For sure, it's a very interesting time when we're talking about chronic stress. But, I want to go back to your story because I think telling your story will really tell us a lot about what burnout is and ways that we can address it. So maybe you can share your story first.

I feel like I was kind of the right mix of personality type, plus being in a certain industry and just my own sort of need for high performance and perfectionism. All of these things combined to create a recipe for burnout. And that is really just what I write about in the book is that there are personalities at risk for burnout, those that have perfectionist concerns, not strivings, which is our desire to be able to hit goals and be sort of solution space and high performing.

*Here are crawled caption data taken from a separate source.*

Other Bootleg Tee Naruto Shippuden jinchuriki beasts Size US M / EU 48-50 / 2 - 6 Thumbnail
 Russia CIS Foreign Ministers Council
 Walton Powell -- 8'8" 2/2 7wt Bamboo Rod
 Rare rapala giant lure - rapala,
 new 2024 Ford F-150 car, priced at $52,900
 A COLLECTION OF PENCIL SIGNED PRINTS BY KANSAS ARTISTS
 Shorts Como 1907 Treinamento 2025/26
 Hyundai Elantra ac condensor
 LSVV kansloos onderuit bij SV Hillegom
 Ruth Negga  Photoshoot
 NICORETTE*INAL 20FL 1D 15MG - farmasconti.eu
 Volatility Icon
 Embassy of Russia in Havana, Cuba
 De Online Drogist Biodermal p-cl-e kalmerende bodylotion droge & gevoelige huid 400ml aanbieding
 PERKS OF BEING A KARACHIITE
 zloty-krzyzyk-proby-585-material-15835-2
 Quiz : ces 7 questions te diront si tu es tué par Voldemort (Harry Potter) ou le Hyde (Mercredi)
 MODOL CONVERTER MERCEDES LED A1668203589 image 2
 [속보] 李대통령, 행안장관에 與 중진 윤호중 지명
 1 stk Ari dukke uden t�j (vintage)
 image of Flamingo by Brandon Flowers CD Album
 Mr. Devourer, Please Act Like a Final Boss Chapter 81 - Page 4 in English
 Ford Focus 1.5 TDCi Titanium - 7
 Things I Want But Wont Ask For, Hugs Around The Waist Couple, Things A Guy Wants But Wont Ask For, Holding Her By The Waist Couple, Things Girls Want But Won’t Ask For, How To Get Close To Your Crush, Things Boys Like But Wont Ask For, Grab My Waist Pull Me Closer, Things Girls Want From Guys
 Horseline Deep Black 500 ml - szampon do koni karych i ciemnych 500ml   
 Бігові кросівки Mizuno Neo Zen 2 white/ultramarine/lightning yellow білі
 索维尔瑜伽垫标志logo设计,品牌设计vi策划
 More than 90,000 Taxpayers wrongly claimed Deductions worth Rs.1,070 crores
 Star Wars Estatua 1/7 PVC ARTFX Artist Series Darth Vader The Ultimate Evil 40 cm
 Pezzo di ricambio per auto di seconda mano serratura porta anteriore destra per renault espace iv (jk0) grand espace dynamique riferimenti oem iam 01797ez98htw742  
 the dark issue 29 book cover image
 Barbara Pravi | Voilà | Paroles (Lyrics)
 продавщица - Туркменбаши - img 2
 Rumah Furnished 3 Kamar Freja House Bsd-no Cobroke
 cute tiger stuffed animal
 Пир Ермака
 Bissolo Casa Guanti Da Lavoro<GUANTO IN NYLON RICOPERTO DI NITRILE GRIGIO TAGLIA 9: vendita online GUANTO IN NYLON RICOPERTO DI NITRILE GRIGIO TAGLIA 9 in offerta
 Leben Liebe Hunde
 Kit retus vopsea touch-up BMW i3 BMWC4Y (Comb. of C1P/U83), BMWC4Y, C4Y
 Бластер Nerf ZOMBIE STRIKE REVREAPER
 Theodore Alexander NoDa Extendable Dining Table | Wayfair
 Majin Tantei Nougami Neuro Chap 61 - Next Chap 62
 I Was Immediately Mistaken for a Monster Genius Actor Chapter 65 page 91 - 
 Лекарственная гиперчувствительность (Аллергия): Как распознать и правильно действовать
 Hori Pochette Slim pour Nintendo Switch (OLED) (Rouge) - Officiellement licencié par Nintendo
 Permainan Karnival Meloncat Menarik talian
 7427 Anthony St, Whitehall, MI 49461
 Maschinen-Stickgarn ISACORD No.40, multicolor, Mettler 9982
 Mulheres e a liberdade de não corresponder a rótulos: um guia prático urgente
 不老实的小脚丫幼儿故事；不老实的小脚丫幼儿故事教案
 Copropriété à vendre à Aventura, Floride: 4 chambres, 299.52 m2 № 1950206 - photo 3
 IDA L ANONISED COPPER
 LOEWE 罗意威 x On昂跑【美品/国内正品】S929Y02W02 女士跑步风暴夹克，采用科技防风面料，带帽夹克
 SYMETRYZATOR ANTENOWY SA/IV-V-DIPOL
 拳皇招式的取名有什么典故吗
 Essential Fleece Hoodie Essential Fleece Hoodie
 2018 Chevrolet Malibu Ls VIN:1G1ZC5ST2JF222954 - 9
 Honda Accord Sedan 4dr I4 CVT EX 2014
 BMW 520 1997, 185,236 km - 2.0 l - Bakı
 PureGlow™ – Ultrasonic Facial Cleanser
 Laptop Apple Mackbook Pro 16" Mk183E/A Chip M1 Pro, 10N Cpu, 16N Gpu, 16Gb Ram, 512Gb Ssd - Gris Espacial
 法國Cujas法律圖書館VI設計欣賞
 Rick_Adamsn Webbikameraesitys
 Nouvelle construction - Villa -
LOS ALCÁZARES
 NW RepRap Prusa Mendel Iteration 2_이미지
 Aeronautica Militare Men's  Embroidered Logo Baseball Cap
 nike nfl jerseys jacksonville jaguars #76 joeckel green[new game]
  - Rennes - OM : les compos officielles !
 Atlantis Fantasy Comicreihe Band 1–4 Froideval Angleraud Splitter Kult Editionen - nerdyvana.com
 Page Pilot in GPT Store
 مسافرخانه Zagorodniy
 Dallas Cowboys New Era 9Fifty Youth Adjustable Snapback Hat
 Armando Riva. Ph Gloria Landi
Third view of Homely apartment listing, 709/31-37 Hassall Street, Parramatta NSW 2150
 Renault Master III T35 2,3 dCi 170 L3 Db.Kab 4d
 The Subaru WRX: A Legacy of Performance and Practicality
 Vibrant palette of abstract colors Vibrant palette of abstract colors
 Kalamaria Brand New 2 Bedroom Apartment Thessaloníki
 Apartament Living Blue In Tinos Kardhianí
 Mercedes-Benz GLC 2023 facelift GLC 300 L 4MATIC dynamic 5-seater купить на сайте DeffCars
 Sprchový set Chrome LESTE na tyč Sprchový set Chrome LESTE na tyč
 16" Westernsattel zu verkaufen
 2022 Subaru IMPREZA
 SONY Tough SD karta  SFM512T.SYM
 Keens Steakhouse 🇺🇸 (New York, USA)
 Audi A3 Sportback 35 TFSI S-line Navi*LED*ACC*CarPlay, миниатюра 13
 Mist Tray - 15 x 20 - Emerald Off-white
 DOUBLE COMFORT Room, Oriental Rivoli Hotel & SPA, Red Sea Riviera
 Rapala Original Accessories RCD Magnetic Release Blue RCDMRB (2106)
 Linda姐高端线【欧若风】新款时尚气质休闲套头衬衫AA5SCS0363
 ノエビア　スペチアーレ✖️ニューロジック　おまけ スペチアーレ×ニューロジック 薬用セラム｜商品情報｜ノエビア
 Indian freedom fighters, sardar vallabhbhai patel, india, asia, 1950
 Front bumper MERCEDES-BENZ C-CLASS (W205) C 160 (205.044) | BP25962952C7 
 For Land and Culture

But, when it becomes sort of this obsessive place and your passion turns from harmonious to obsessive, that's what I was realizing I was doing. And then I had this pressure as a female because I felt like as a female co-founder and only 7% of women in the tech industry get funded. The fact that I should play a bigger role in advocating for more females in this space. So I just kept saying yes to so many different things. You're also kind of cash strapped all the time when you're in that early stage start up, so you're trying to do more with less constantly. Everyone is wearing a million hats.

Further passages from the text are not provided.